Here is a passage from Molly Bloom’s soliloquy, the last chapter of Joyce’s Ulysses. Molly, lying in bed, is thinking of her husband’s young friend, Stephen Dedalus:

hes very young to be a professor I hope hes not a professor like Goodwin was he was a patent professor of John Jameson they all write about some woman in their poetry well I suppose he wont find many like me where softly sighs of love the light guitar where poetry is in the air the blue sea and the moon shining so beautifully coming back on the nightboat from Tarifa the lighthouse at Europa point the guitar that fellow played was so expressive will I never go back there again all new faces two glancing eyes a lattice hid Ill sing that for him theyre my eyes if hes anything of a poet two eyes as darkly bright as loves own star arent those beautiful words as loves young star itll be a change the Lord knows to have an intelligent person to talk to about yourself not always listening to him and Billy Prescotts ad and Keyess ad and Tom the Devils ad then if anything goes wrong in their business we have to suffer Im sure hes very distinguished Id like to meet a man like that God not those other ruck besides hes young those fine young men I could see down in Margate strand bathing place from the side of the rock standing up in the sun naked like a God or something and then plunging into the sea with them why arent all men like that thered be some consolation for a woman….
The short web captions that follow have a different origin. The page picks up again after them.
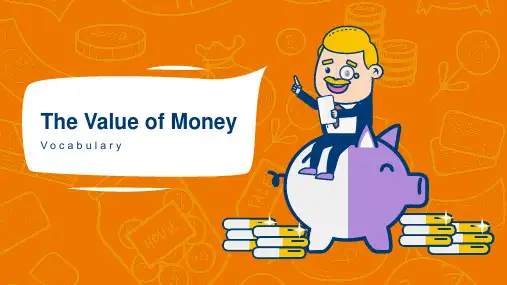 Unit 5 The Value of Money 单词讲解1课件-高中英语人教版必修第三册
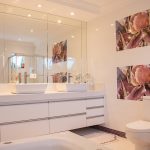 LED mirror bathroom design style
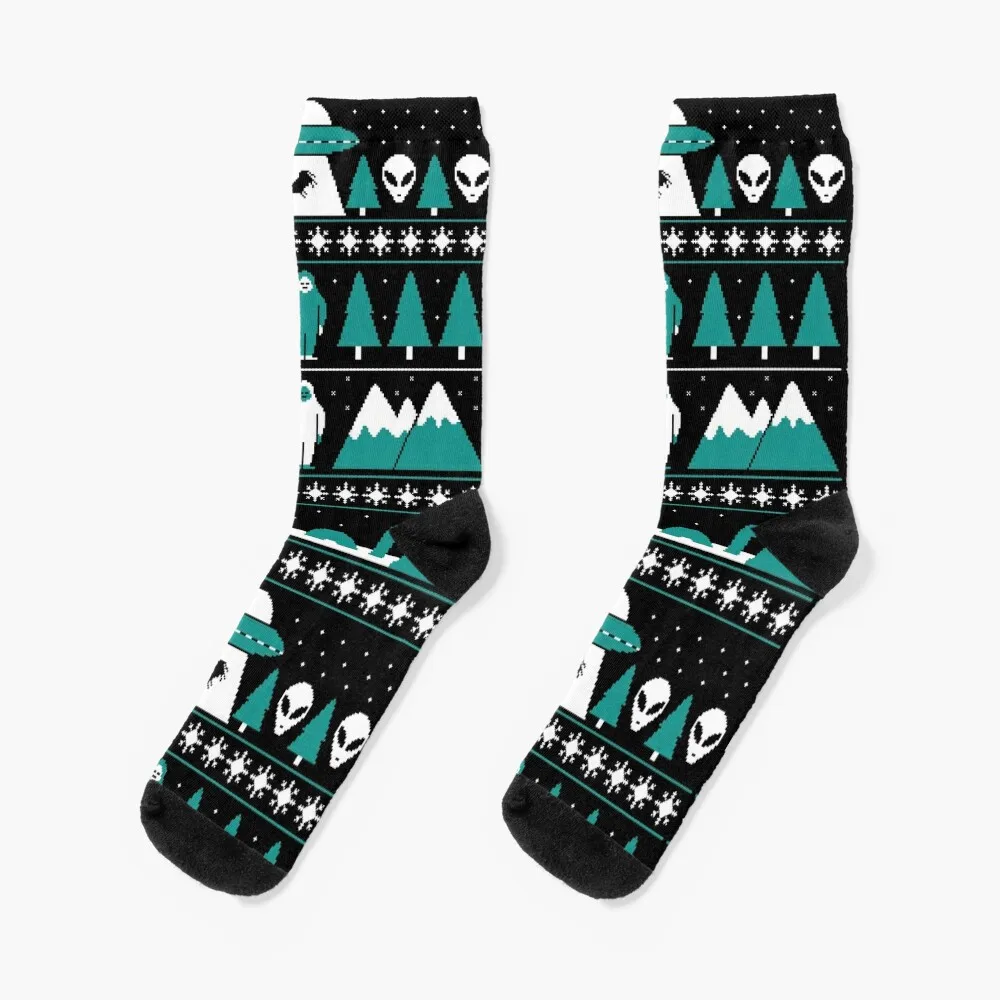 Paranormal Christmas Sweater Socks Heating sock tennis Socks For Women Men's sushi cats socks funny sock crazy men cotton high quality tennis socks women s men s
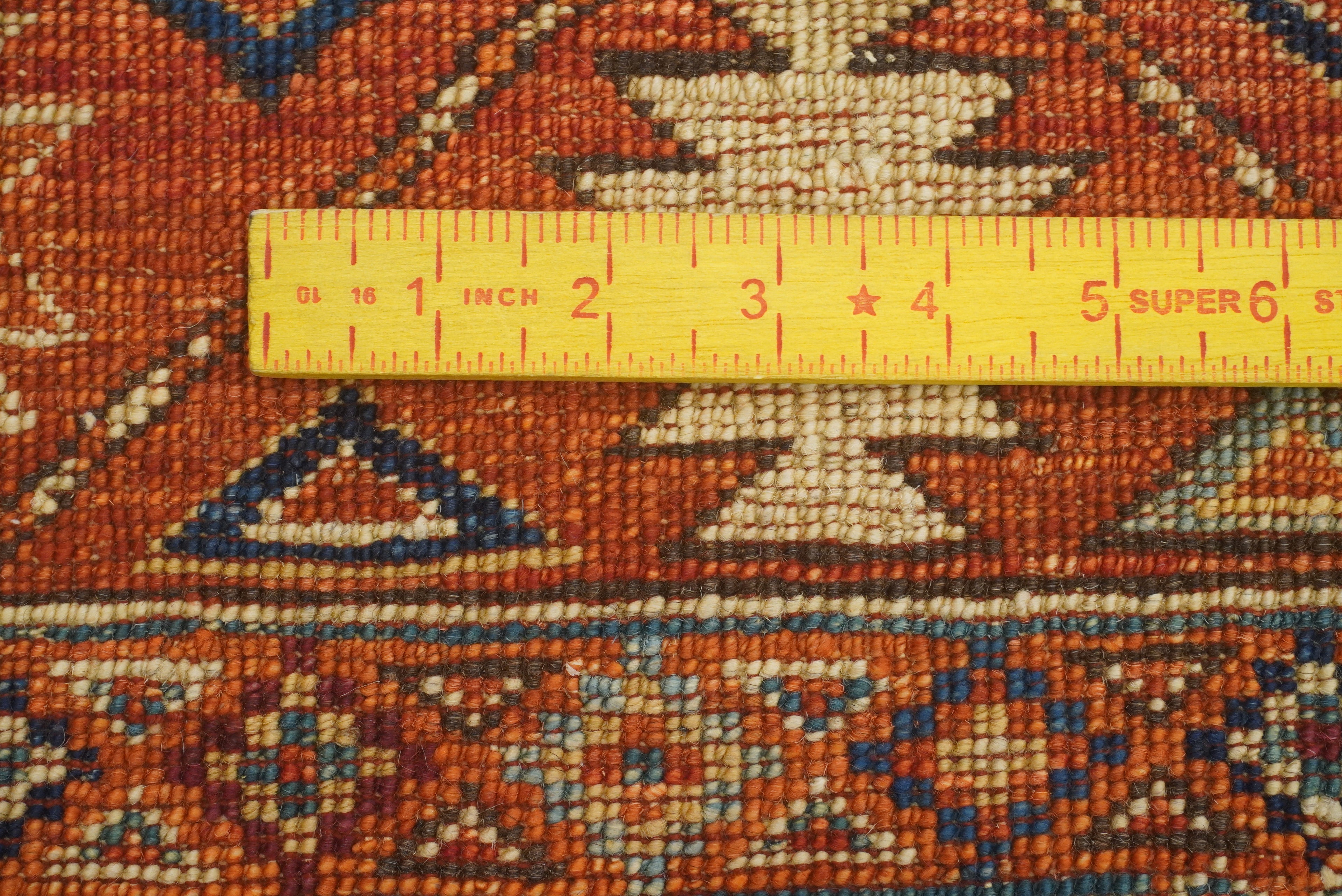 3x4 Red Ersari Hand Knotted Afghan Oriental Rug - Yildiz Rugs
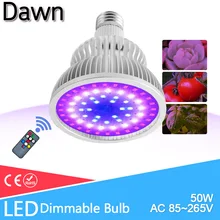 Полный спектр светодиодный светильник лампа для выращивания лампада E27 E26 комнатное растение лампы цветущие растения Гидропоника системы сад 85-265 в сад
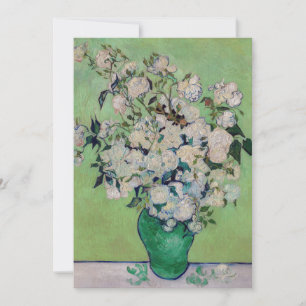 Vincent van Gogh - Roses Thank You Card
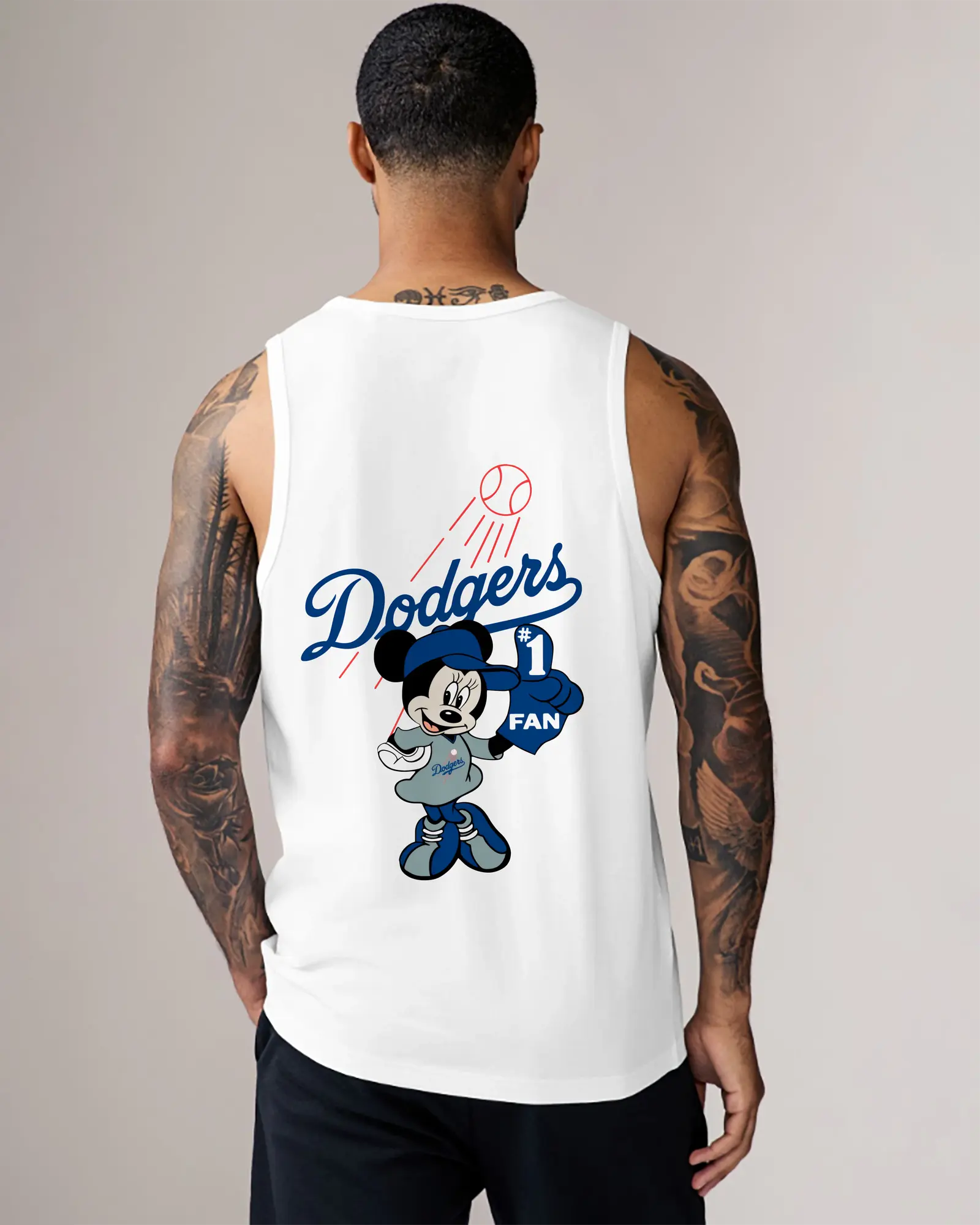 Minnie Mouse Los Angeles Dodgers Baseball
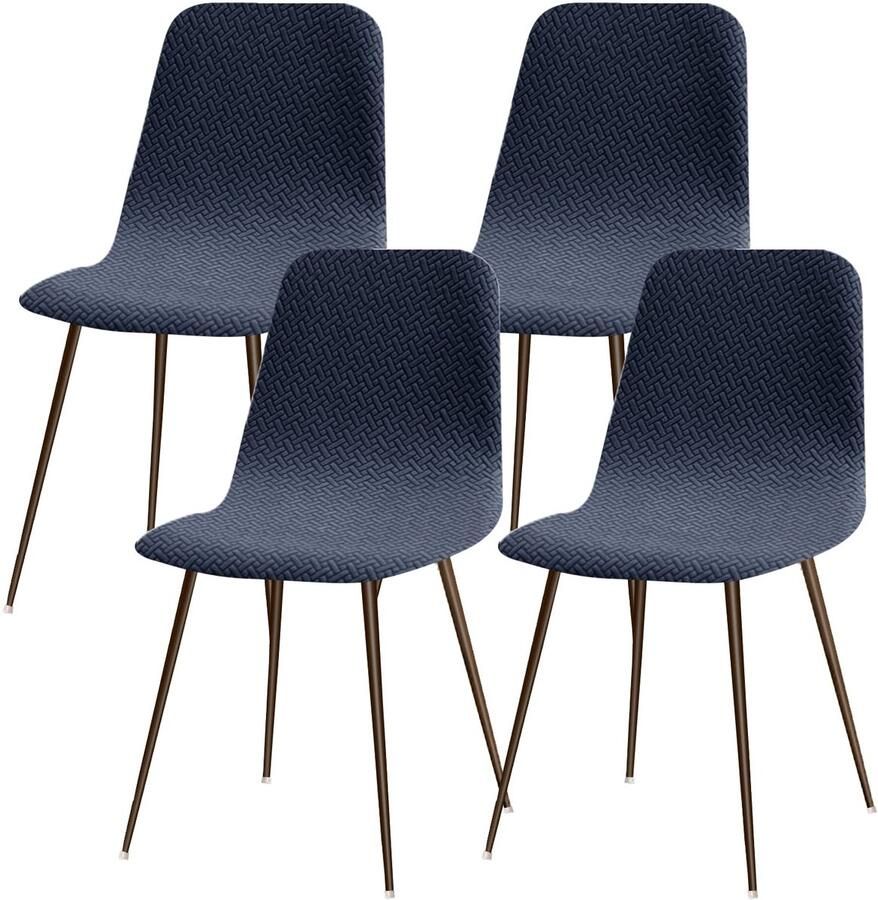 Ibenzoa Scandinavische Stretch Stoelhoezen Set van 4 voor Eetkamerstoelen Wasbaar en Universeel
An excellent piece of writing, most readers would say; and realistic, too, lifelike, convincing enough to make William Empson divine that Leopold Bloom puts his wife to bed with Stephen Dedalus in the hope of their producing the son he wants but can’t bring himself to father. You can only talk as Empson did about a realistic novel, because you can think the fiction continuous with the way such a situation would work out in real life. So a realist should be content with the passage.

But one of the most forceful advocates of Realism, Georg Lukács, has compared Joyce’s procedures unfavorably with Thomas Mann’s in Lotte in Weimar. He argues that in Ulysses Molly’s experience is confined to momentary sense-impressions, but in Mann’s novel about Goethe the interior monologue works as a technical device among many, allowing Mann to present Goethe’s experience in a complex and fully pondered relation to his past, present, and future. In Molly Bloom’s soliloquy, according to Lukács, “the perpetually oscillating patterns of sense-and-memory-data, their powerfully charged—but aimless and directionless—fields of force, give rise to an epic structure which is static, reflecting a belief in the basically static character of events.”

The last phrase means that, to Lukács, Joyce is not a true realist. A Marxist, a communist, and for many years a Stalinist, Lukács believed that reality is objective, concrete, and socially determined: in a novel, content determines form. Realism is, as he argued in The Meaning of Contemporary Realism, “the basis of all literature,” because it has to do with “the complete human personality.” The central concern of the realistic novel is “the dialectic between the individual’s subjectivity and objective reality.” While the modern psychological novel deals with the individual in his solitariness, the realistic novel presents the human type, “a peculiar synthesis which organically binds together the general and the particular both in characters and situations.” For Lukács, the great achievement of novelists like Tolstoy and Balzac is their vision of “the contradictions, struggles and conflicts of social life…as these appear in the mind and life of actual human beings.” A true narrative also “dissolves the rigid appearance of things into the processes that they really are.”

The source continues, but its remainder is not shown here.